### Problem requirements
Your answer must contain each line of the data, copied exactly.

### Task input
--------------------

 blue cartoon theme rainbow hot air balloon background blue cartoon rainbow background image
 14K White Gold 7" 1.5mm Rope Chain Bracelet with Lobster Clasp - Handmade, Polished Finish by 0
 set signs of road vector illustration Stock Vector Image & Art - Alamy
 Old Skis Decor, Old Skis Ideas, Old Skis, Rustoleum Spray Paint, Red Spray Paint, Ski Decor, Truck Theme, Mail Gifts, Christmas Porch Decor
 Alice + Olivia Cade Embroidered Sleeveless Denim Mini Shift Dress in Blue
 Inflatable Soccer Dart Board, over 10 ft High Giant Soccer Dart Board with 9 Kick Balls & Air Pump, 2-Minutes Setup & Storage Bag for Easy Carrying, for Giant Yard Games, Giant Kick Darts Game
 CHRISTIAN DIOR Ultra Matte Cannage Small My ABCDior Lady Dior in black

--------------------

### Result of this task
 blue cartoon theme rainbow hot air balloon background blue cartoon rainbow background image
 14K White Gold 7" 1.5mm Rope Chain Bracelet with Lobster Clasp - Handmade, Polished Finish by 0
 set signs of road vector illustration Stock Vector Image & Art - Alamy
 Old Skis Decor, Old Skis Ideas, Old Skis, Rustoleum Spray Paint, Red Spray Paint, Ski Decor, Truck Theme, Mail Gifts, Christmas Porch Decor
 Alice + Olivia Cade Embroidered Sleeveless Denim Mini Shift Dress in Blue
 Inflatable Soccer Dart Board, over 10 ft High Giant Soccer Dart Board with 9 Kick Balls & Air Pump, 2-Minutes Setup & Storage Bag for Easy Carrying, for Giant Yard Games, Giant Kick Darts Game
 CHRISTIAN DIOR Ultra Matte Cannage Small My ABCDior Lady Dior in black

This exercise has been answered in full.